Every line below between the one holding "Summoner 6-096C" and the one holding "La Dirección de", inclusive, should be copied exactly, and no other line.

Entries shown
————

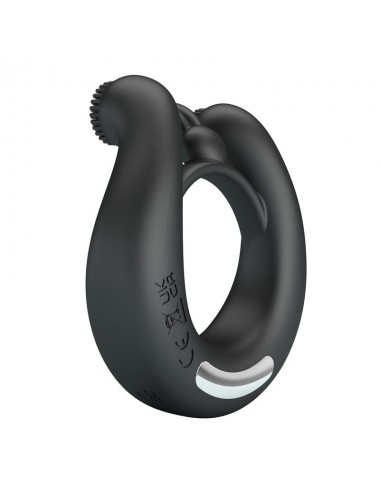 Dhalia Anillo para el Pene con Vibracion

————

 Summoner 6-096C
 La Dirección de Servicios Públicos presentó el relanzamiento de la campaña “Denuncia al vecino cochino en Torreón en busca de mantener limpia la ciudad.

————

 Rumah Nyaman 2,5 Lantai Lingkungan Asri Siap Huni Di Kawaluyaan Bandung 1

————

Task answer
 Summoner 6-096C
 La Dirección de Servicios Públicos presentó el relanzamiento de la campaña “Denuncia al vecino cochino en Torreón en busca de mantener limpia la ciudad.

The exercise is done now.